Incidentally, my sister will be working for an IT major when she graduates in June and today was her first day of training (in-house in her college). I can imagine the hardship she had to endure on a day like this. When I told her that the incident she mentioned about "comp n stuff n all were broken inside" was actually at SRM, she said that similar things happened at her college too, but the press has not been allowed inside so far. Some students were anonymously interviewed on Sun TV outside the college gate. The students were saying things like "they are cheating us by running courses without approval" and "They will give us a B.S de­gree. What is the difference between an arts college student and us now?"
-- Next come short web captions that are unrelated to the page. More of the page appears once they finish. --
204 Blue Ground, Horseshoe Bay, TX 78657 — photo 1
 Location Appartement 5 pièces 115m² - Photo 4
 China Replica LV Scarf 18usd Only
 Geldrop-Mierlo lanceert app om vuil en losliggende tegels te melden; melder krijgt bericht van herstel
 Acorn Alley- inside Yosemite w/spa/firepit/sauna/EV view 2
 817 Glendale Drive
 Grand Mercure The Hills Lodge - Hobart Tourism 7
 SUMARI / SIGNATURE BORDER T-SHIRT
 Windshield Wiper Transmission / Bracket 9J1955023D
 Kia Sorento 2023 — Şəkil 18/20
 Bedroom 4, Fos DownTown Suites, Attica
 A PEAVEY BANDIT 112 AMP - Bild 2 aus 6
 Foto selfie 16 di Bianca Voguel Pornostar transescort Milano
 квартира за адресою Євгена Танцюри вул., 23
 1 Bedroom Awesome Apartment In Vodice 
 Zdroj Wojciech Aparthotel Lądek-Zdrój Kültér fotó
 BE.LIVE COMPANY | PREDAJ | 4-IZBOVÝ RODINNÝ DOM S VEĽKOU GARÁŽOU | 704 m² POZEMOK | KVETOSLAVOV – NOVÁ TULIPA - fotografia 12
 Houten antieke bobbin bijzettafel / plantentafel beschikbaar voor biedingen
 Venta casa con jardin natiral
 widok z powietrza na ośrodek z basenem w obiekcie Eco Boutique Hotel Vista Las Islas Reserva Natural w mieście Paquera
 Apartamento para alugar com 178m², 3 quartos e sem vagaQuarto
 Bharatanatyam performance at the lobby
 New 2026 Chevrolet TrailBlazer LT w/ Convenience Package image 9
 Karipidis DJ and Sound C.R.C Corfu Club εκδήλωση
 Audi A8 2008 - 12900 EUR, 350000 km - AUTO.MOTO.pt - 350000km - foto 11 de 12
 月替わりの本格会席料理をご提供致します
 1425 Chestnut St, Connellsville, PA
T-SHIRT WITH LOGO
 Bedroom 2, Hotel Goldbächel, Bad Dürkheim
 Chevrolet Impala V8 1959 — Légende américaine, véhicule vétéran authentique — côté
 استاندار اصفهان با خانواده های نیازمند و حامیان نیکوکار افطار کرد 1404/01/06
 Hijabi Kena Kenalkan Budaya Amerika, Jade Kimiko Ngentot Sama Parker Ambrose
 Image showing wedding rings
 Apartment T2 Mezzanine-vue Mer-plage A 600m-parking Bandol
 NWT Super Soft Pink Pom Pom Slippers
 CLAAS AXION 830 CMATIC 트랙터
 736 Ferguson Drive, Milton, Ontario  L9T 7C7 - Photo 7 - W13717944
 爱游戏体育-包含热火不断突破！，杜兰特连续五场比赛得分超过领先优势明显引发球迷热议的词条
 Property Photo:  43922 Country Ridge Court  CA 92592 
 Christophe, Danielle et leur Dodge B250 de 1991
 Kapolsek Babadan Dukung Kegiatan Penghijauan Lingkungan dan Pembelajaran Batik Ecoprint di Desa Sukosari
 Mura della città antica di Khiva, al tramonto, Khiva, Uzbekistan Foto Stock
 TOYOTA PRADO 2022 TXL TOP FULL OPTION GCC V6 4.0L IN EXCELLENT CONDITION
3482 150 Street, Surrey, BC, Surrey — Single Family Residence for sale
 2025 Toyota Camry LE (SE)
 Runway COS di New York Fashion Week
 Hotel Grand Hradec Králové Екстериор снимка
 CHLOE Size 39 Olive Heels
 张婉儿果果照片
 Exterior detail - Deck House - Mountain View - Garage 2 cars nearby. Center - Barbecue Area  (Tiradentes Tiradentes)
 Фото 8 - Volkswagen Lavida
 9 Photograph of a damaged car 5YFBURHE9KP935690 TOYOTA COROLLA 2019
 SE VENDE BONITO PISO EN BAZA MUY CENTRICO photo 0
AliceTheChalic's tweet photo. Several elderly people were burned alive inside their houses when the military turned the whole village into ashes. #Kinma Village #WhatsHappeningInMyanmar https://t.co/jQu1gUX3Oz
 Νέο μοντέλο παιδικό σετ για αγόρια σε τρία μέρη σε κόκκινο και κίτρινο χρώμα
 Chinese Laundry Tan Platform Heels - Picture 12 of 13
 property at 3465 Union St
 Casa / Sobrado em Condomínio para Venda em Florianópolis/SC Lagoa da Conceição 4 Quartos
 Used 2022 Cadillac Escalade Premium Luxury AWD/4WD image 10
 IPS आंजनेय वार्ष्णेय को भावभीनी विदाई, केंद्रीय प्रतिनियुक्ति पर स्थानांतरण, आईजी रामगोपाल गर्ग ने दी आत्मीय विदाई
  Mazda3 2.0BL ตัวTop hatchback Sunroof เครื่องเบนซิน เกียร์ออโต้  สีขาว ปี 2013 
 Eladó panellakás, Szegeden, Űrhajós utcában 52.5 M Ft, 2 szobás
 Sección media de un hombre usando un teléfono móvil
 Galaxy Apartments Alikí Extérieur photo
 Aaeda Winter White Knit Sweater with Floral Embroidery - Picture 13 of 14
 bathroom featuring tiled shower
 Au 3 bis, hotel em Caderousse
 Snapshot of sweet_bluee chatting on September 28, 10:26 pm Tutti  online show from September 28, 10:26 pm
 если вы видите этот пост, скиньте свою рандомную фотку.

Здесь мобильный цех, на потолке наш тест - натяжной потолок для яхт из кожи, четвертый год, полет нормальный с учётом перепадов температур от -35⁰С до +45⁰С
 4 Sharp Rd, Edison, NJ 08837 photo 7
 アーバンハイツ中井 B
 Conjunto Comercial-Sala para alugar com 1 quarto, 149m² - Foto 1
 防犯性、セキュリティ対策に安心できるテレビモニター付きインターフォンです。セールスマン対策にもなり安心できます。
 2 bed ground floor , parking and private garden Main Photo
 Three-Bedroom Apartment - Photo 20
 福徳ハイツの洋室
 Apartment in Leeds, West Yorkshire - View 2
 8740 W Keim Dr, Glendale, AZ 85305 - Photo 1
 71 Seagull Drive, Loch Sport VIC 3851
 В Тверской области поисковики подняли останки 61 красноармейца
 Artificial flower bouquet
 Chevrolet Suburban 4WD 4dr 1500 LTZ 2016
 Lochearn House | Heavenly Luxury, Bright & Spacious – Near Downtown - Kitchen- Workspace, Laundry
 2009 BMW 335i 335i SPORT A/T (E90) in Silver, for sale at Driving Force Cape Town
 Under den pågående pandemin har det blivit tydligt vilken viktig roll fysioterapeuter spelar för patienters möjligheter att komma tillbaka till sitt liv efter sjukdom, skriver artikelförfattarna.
Is this a case of the mob mentality taking over and I am not talking only about the students here. Was the destruction of property at SRM's campus the handiwork of the management as the students claim? And did the management in my sister's college do the same thing?

In any case the students have to be informed (though I might have felt the same way when I was in college) that it is only some countries that follow the British system, that have separate degrees awarded for sciences and engineering. In most countries, like the US, the degree is a B.S (the equivalent of the B.Sc) regardless of whether the major is biology or bio-medical engineering. In fact most students take the some common courses (with the same syllabus that is) in the same classroom, regardless of their stream of study is. So you will see a biology student and an electrical engineering student in the same math class, if the biology student's academic advisor feels that the class will help him/her. So, IMHO, the nomenclature does not matter. However, if you had asked me the same question six years ago, I'd have felt the same level of indignation.

Another thing is that I was also under the impression that the problem is stream specific, i.e. certain new courses in these colleges are the only ones under scrutiny. But my sister's version (and the reaction of the striking students) indicates that whole institutions are under the microscope. Could someone clarify this?

In fact the best place to clarify this SHOULD be the AICTE's website. But does the AICTE have a website at all? My sister sent me a link to the AICTE web site that seems to link to a list of accredited institutions. But the list is on a word document which contains links to other lists (state-wise). And get this, the links all point to documents on someone's desktop! So these students, in spite of all the claims of all information being available freely, don't exactly have the info they need, i.e., whether their colleges have the necessary authorizations. So, now that we know the AICTE has a half-functioning website, does they have a webmaster?